The FOH engineer does his or her best, but is constrained by the need to control feedback – you can’t turn up a stage monitor indefinitely because the mic will eventually squeal, which will be equally unpleasant for audience and band alike. And the root cause of the original problem (the on-stage guitar amp being not loud enough for the player and too loud for the audience) can’t be solved by the front of house mix; the guitar, by this point, is at zero on the desk, because too much guitar sound is already coming from the stage. The engineer has no room for manouvre – and is being unfairly blamed by audience and band alike for the terrible mix in the room.
Meanwhile, the keyboard player, who operates in roughly the same pitch and harmonic spectrum as the guitarist and vocalist, can’t hear the keyboard, which is coming back through the monitors, and sometimes, at small gigs, on the same monitor mix that’s carrying the vocals. Cue a separate set of (slightly less flamboyant, less well-lit and less sweary) mimes and gestures to the FOH engineer. So the engineer has to turn up the keyboards in the monitors. We now have three people who are supposed to be playing music together making war on each other through an arms race of sonic attrition.
Sound is about air molecules bouncing off each other, causing a chain reaction that travels from the sound source through the venue, and eventually reaching your eardrums, which resonate in sympathy with the vibrations of the air. Which is why in space no-one can hear you scream (and the foley budget for Star Wars could have been a lot less). And the more air is bouncing around on stage, the more difficult it is for the sound engineer to control the mix, especially at small pub and club gigs where the backline amplifiers can be heard by the audience.
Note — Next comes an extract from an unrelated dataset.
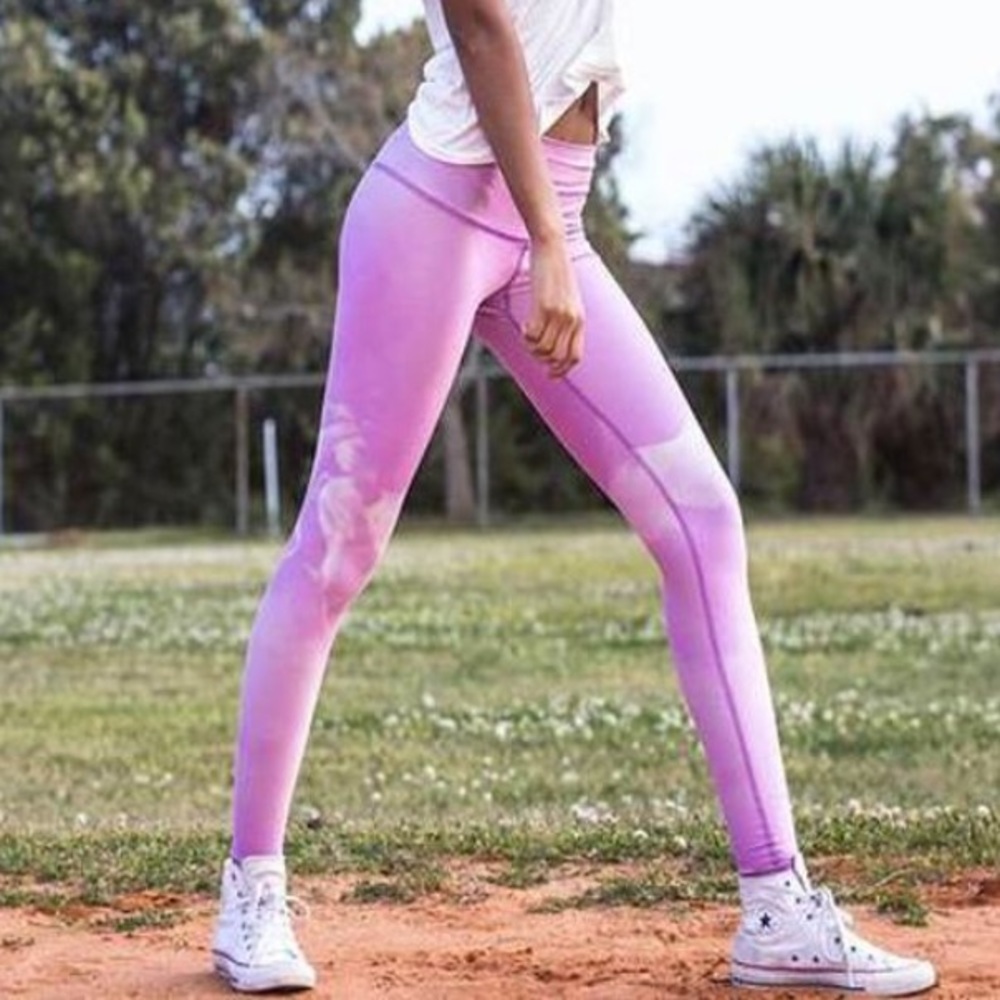 ★ Teeki Purple Yoga Hot Pant ★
Due to the FOH engineer’s lack of control, the audience is hearing a downer of a mix. The vocal is obscured by the guitar so the front person’s stage presence and character isn’t communicating properly. The lyricist’s craft is lost on everyone. The singer is out of tune because the vocal isn’t clearly isolated in the monitors. The drummer and bassist are surrounded by a cluttered midrange of noise, meaning they’re not hearing the pulse of the music (or the sound of their own instruments) as clearly as they would like. So they play louder. Which clutters the mix more.
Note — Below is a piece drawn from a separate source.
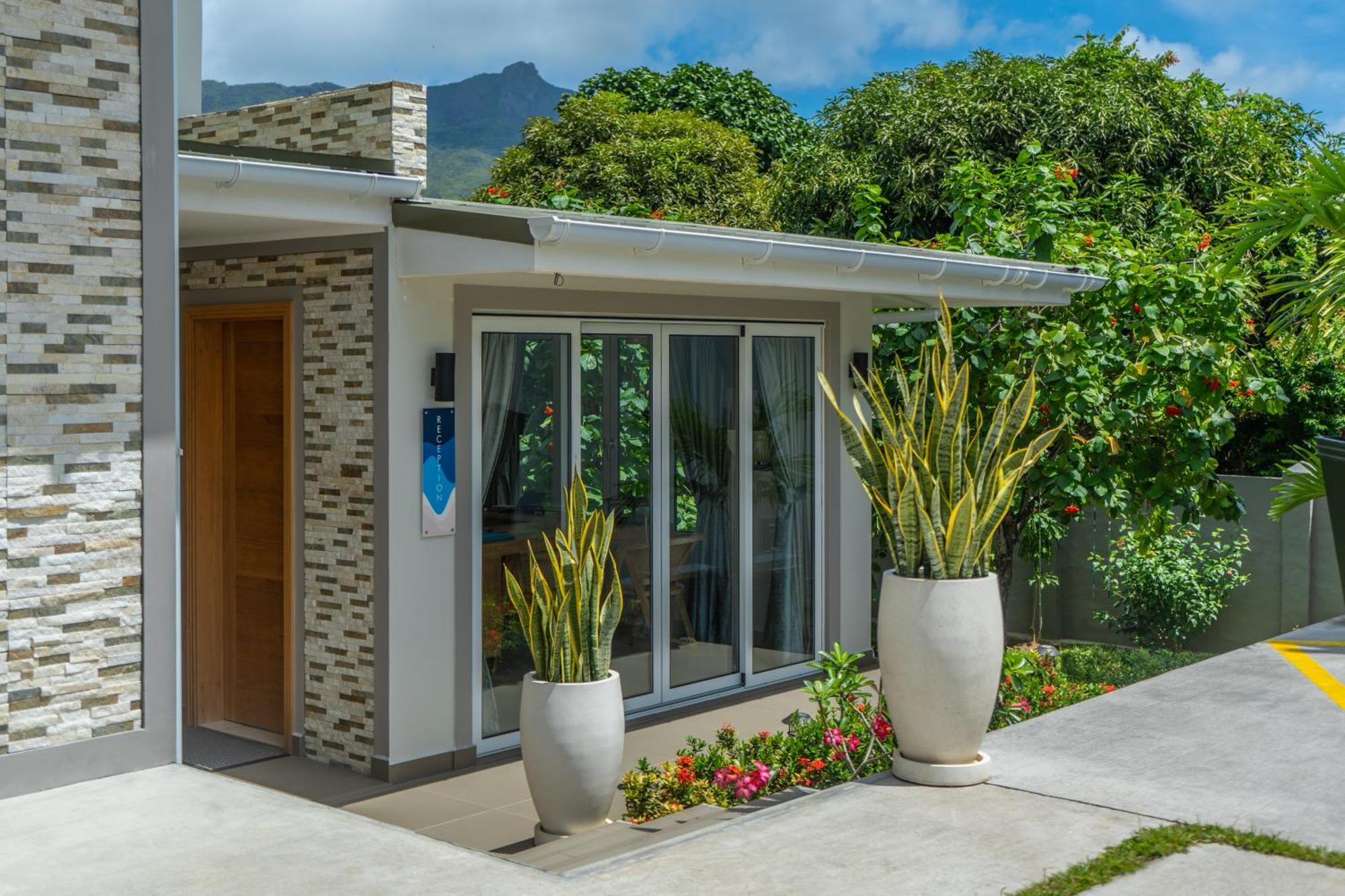 Summer Sand Holiday Apartments Beau Vallon  Exterior photo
Our guitarist, meanwhile, who had a perfectly usable on-stage mix at the soundcheck, can’t understand which he or she now can’t hear the (already too loud) upper midrange that defines the guitar’s rhythmic attack and tonal quality. Probably best to turn the amp up, then.
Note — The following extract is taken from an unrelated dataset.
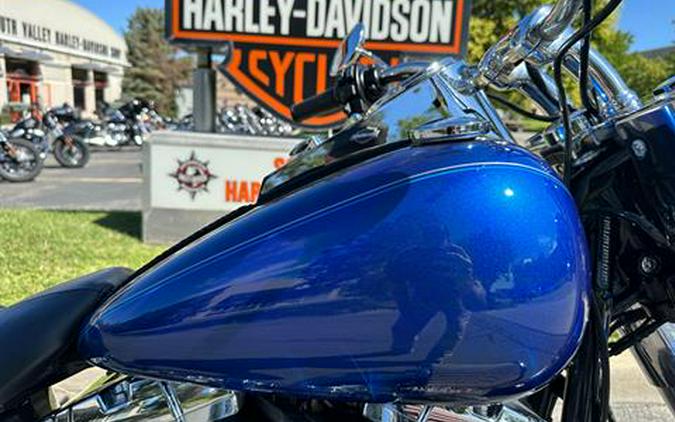 2017 Harley-Davidson Softail® Deluxe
Not everyone is as middle-aged and grumpy as I am, of course, so not everyone will walk out. But when the mix sucks, everyone in the venue has a terrible time, and the band’s artistic intentions will fail.
Rewind. The guitarist can fix this. An amp stand that angles the speaker towards the guitarist’s ears is all that is needed. Even if you’re on a tight budget (as I was in my gigging days in the early 1990s) it’s possible to balance the amp on a few beer crates to get it at head height. The problems I experienced last week (and have seen at literally hundreds of small gigs over the years) can be solved just with a few seconds of care during the soundcheck.
Guitarists. Make a better world for us all. Buy an amp stand.